Why would you want to print a vinyl record?
Just for fun really, and because you can!
Vinyl records are great ready made printing plates; thin and flat they’ll go through a printing press under pressure.
The variety of smooth and ridged areas on the surface hold ink in different ways, and you often get lettering in the mix as well.
A record is like an etching
Originally records were made by someone speaking or singing into a funnel, the sound made a needle vibrate in wax, leaving a pattern of soundwaves; the impression in the wax was then cast to make a durable record that could be played on a gramophone.
It is interesting to realise that inside the long spiral groove on a record is a physical etching of soundwaves – you could say that a record is an etching of sound.
Find out more about early sound recording technology here.
Visit your local charity shops
Don’t raid your Dad’s old record collection as he may get upset. Many charity shops have very cheap records for sale; buy the most crummy ones, or look for ones with lots of short tracks as the grooves are more interesting.
Buy some albums as well as singles to get different sizes. If you get 78s the grooves are coarser and have a different texture when printed.
Watch the ‘print a vinyl record’ video to get the idea
Here is a video with the basic information you need to print a vinyl record. Read on below for more details.
Ink up as relief
Charge your biggest roller up with ink. You will need to experiment with the amount of ink; it doesn’t take much, if your roller is too inky it will clog the grooves up.

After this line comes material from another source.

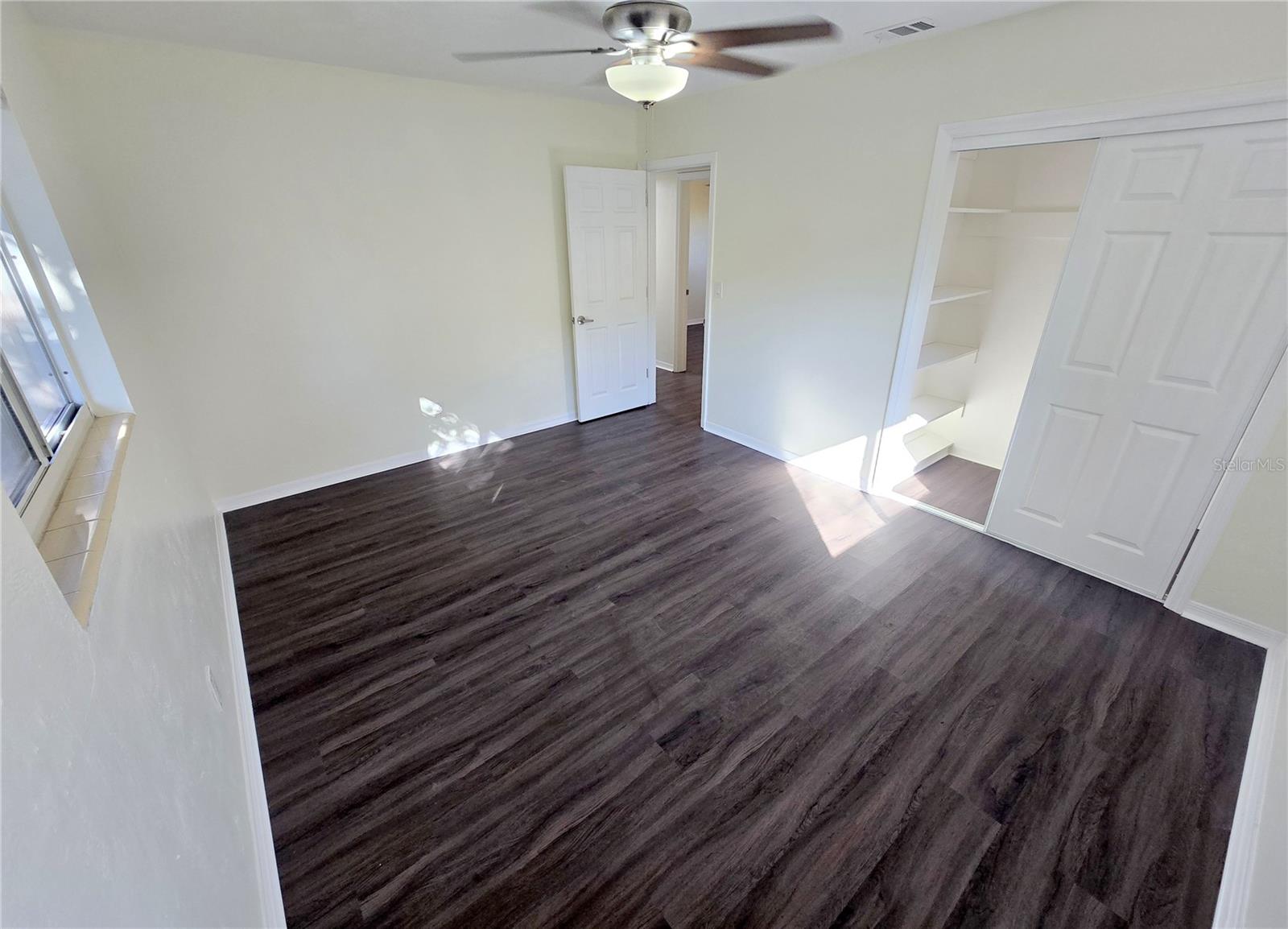 CHESTERFIELD HEIGHTS - Residential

We are going to ink it up as you would a collagraph plate, ie just roll the roller over it once without stopping. Don’t go backwards and forwards like a lino print. To see a demonstration of this please watch the video.
Roller not big enough?
If your roller is narrower than your record tear a strip of newspaper to get an uneven edge and lay this across half the record. Roll a thin layer of ink over half the record. Lift the newspaper off and lay it over the inked side of the record, leaving a bit of ink showing. Then charge your roller up again and roll the blank area. You may get wavy lines where the ink overlaps but I think that is better than a dead straight line from the edge of the roller.
Print your vinyl record
When it is inked all over lay the record, ink side up on the press bed and cover with a sheet of damp paper. The press doesn’t need to be terribly tight, just enough to emboss the record into the paper.
To get your round plate in the right position on the printing paper make yourself a registration sheet.
You may get a surprise when you reveal your print as the text in the middle of the record is sometimes embossed and will show clearly as mirror writing in your print.
Ink the vinyl record as intaglio
It is a little bit more tricky to ink as intaglio, but worth it for the colour combinations you can get. Scrub a thin layer of ink all over the surface with a stiff brush, then wipe most of it off with a rag. Use newspaper under your flat hand to clean the top surface and leave ink in the grooves.
Hold it steady by pressing down on the flat area in the middle as your fingerprints will show if you hold it on the grooved area.
Combine relief and intaglio
Choose contrasting colours, for the two inking up methods. For a zingy effect try a combination from opposite sides of the colour wheel, eg yellow and blue or red/green. Ink up as intaglio first then roll your second colour over the top.
Have a look at this post for more detailed instructions about inking up a printing plate.
What next? Here are a few ideas to get you going
Print vinyl records on to thin paper and use them as chine collee in other prints, the subtle lines and curved shapes work well with a variety of designs (thanks to Liz K Miller for this idea as used in her circular scores project)
You could also add chine collee on top of the record before you print it, perhaps something relating to a song you like?